Instead of just building it with a light vibe coding session, I decided to feed this into the spec-kit framework to see what SDD would produce.

My input description (this was my first mistake):

"This project is a Chrome extension that analyzes news articles and other web content to detect and reduce bias. The extension extracts the full text of an article, highlights loaded or emotional language directly in the page, and generates a side panel with structured analysis. It identifies factual claims, classifies them, and uses a language model to check those claims against external evidence from web search and fact-checking sources..."

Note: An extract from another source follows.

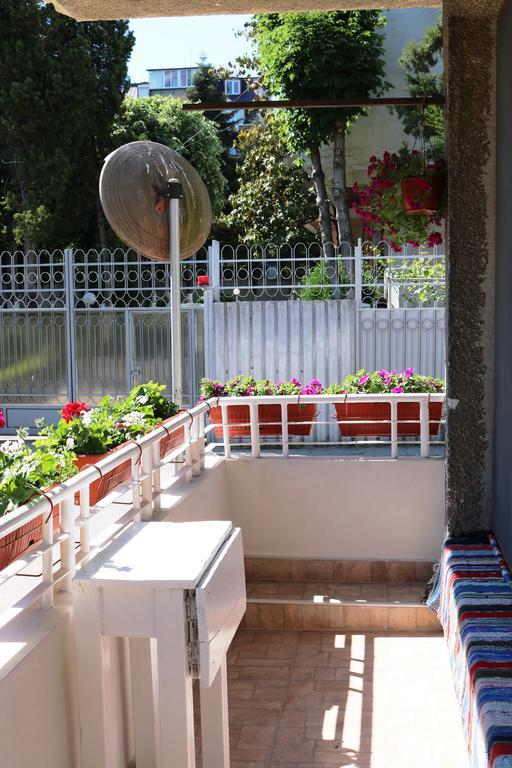 Central Varna Apartment - Lets4Holiday Bagian luar foto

I kept going, adding AI backends, performance requirements, privacy controls, and more. What should have been "highlight bias words" became a comprehensive news analysis platform description.

What Spec-Kit Generated

The framework took my verbose description and created:

  • 18 functional requirements (FR-001 through FR-018)
  • 6 detailed data models (ArticleContent, BiasHighlight, FactualClaim, etc.)
  • 8 API endpoints for different analysis functions
  • 96 numbered tasks organized into phases
  • Performance targets (<2s analysis, <500ms highlighting)
  • Multiple processing modes (local AI, cloud APIs)

Looking at this output, any reasonable person would think this was a serious enterprise project- which would be fine if I was building a real product, but I was just trying to test SDD.

The Implementation Reality Check

After half a day of following the generated spec with extensive "vibe-coding" (rapid, intuitive development), here's what I actually built:

What Works:

  • ✅ Extracts text from web pages
  • ✅ Finds basic patterns like "73%" and "$2.3 billion"
  • ✅ Has a storage system

What Doesn't Work:

  • ❌ Buggy, basic bias detection
  • ❌ No fact-checking

The harsh truth: I have a basic app that finds percentages in text, not a Chrome extension that detects bias.

The Complexity Wall in Action

The most telling moment came during testing. I spent hours building increasingly specific regex patterns to satisfy test cases:

// Started simple
pattern: /\d+%/gi

// Became this monstrosity to pass tests
pattern: /\b(current|currently|as of (today|now|\d{4})|current(ly)?)\s+[^.!?]*\b/gi

// And eventually this madness
{
type: ClaimType.STATISTICAL,
pattern: /Water boils at \d+°C/gi,
priority: ClaimPriority.HIGH,
description: 'Temperature boiling point statements',
examples: ['Water boils at 100°C']
}

I was adding patterns like "Water boils at 100°C" to pass tests instead of asking: "Would a real user care about detecting this?"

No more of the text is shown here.